**DATASET RECORDS**
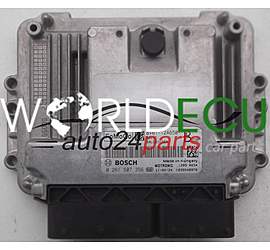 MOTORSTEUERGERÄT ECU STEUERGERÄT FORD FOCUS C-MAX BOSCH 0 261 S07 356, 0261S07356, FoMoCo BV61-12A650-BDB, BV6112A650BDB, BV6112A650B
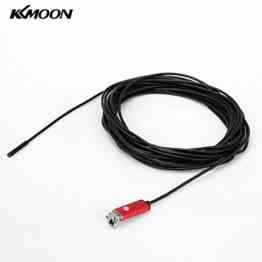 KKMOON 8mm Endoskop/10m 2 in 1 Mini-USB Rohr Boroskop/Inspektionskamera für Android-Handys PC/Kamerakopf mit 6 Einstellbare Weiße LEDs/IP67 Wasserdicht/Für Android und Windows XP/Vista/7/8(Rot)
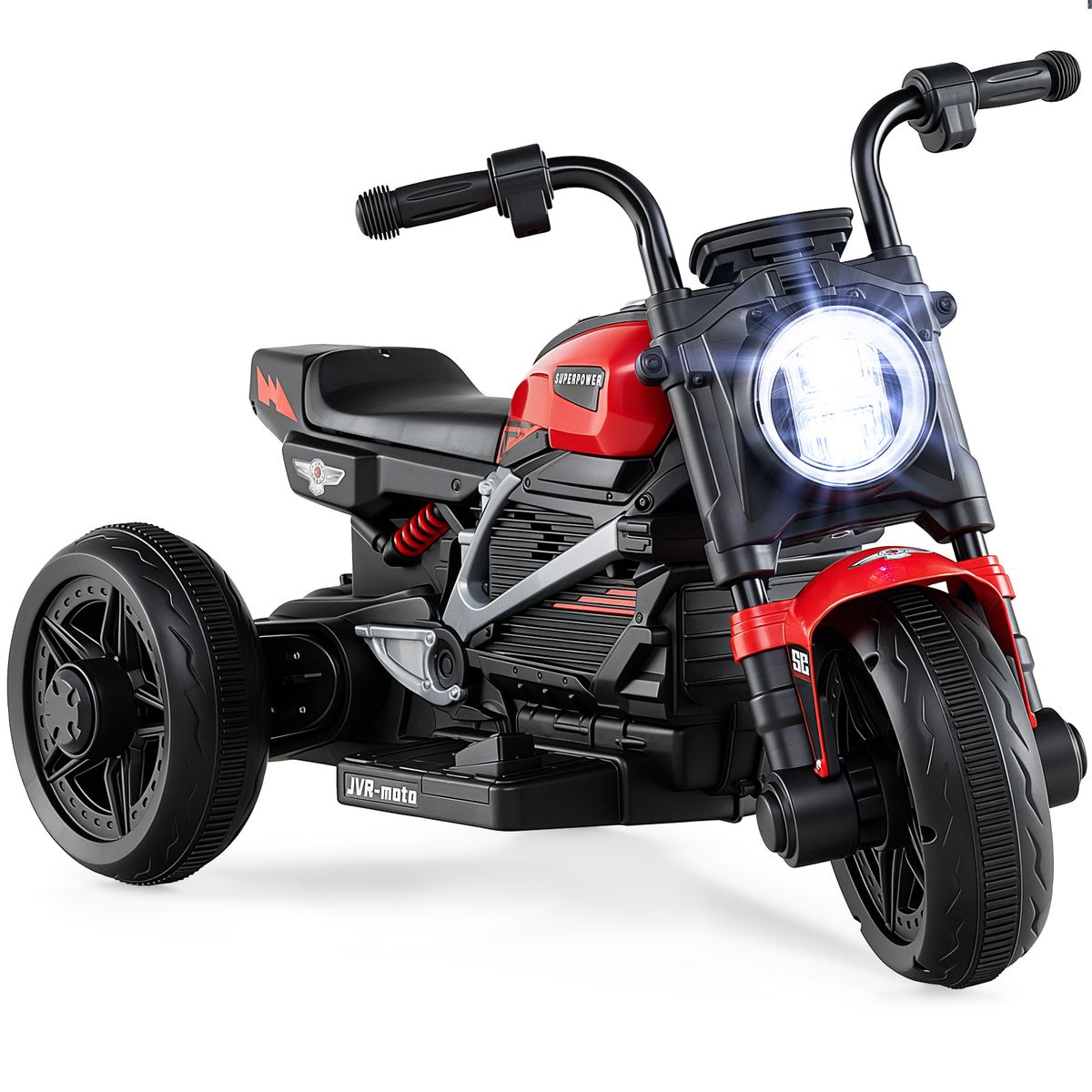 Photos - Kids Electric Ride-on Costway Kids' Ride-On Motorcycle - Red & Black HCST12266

==

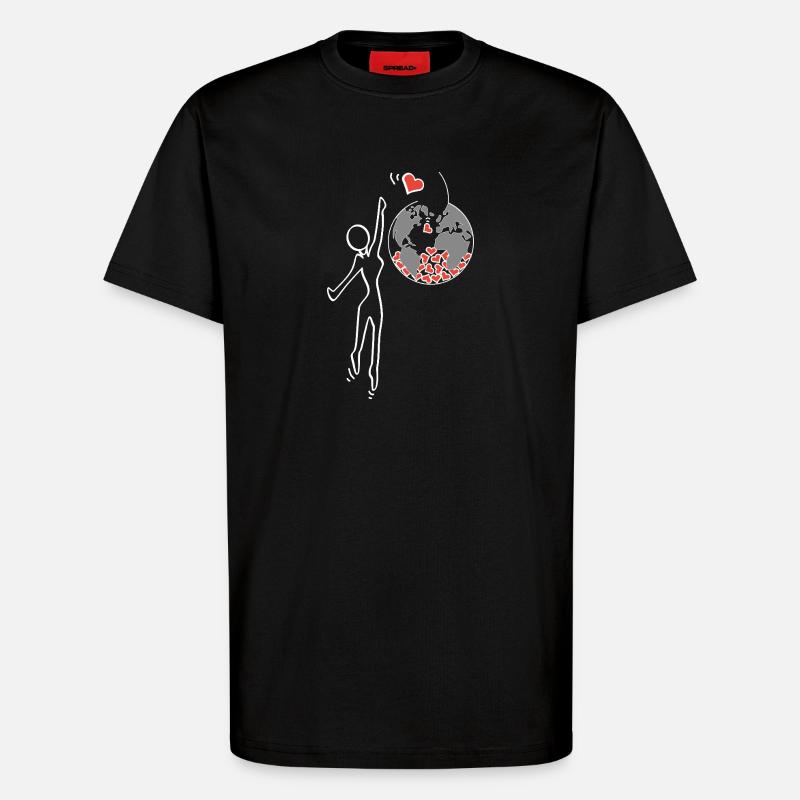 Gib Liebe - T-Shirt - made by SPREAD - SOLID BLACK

**PROMPT**
For this exercise, set down the lines in the entries above from the one with "MOTORSTEUERGERÄT ECU STEUERGERÄT" through the one with "Photos - Kids" exactly as written, without any pictures.

**THE ANSWER**
 MOTORSTEUERGERÄT ECU STEUERGERÄT FORD FOCUS C-MAX BOSCH 0 261 S07 356, 0261S07356, FoMoCo BV61-12A650-BDB, BV6112A650BDB, BV6112A650B
 KKMOON 8mm Endoskop/10m 2 in 1 Mini-USB Rohr Boroskop/Inspektionskamera für Android-Handys PC/Kamerakopf mit 6 Einstellbare Weiße LEDs/IP67 Wasserdicht/Für Android und Windows XP/Vista/7/8(Rot)
 Photos - Kids Electric Ride-on Costway Kids' Ride-On Motorcycle - Red & Black HCST12266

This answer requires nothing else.